Sunday, September 29, 2019

Paddling the Spartina Meadows

I put in at Foote Bridge, my usual strategy when very high tides are coming.  Toady, in fact, will be a near record high tide that will fall just 3 inches short of the highest.  Tide levels like that give me a relatively rare chance to explore areas of the lower marsh that can't normally be reached in the canoe.

Even at Foote Bridge there is a strong flood current coming upriver.  For a normal high tide the water is usually close to slack this far up.  I head down and within a hundred yards flush a Great Blue Heron which circles the area letting out its call, a croaking hairball-throwing-up gagging that is absolutely the opposite of such a graceful bird.  It makes far more noise than I am worth.  I paddle off and I assume it returns to its business of eating helpless little fish.
The Long Cut
At Pocket Knife Bend a Snowy Egret settles into a low branch just as it notices me and it hastily waves off the landing for some spot farther away from me.  A Kingfisher spooks a duck and then a dozen more unidentified ducks take to air as well.  A second Snowy flies past.
The short cut past Cedar Island
The wind is fairly strong and at my back for the most part such that the wind and flood current cancel each other.  Just past the arch bridge I meet some kayakers coming upstream.  I ask and find out that they parked at Neck Road.  I inform them that there cars will be sitting in about a foot of salt water around 12:30.  It doesn't seem to bother them and it reminds me of why I don't bother giving advice to people doing dumb stuff in boats.  Anyway, its a club trip so they will have plenty of chances to complain to each other about how their car carpeting ended up smelling like rotting seaweed.
Yellow Legs - with especially strong colors
Just below the Big Bends is a good collection of Yellow Legs.

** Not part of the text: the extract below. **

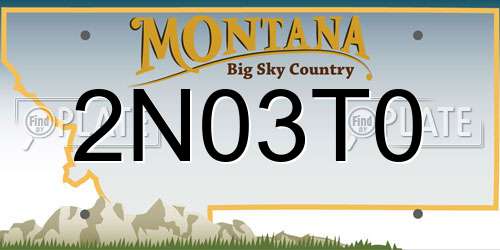 2N03T0 Montana License Plate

But, the real treat of this trip is the lower marsh because at this tide level all of the long dead end channels that drain the spartina meadows can be paddled as circuits.  I start with the Long Cut which takes me into Bailey Creek.  Then I descend until I'm near even with Cedar Island where I follow a cut across the flooded meadow over to the East River.  From there I follow a long serpentine natural drain until I find a spot where I paddle across the meadow.  By this time the tide has risen enough that the highest ground in the spartina meadow is 8 or 10 inches underwater.  The only extra effort is pushing through the grass.

Glasswort
I find a mighty patch of glasswort back here already turned brilliant red.  I continue on until I get back into the East River.
Glasswort
At the top of the Big Bends I spot a canoe coming downriver and I have a hunch that the kayakers can't be too far behind.  So, I head into the short creek that comes in at the last bend and then cross the flooded marsh, out of sight and out of contact. 
Of note, I did not spot any Osprey or Willets today.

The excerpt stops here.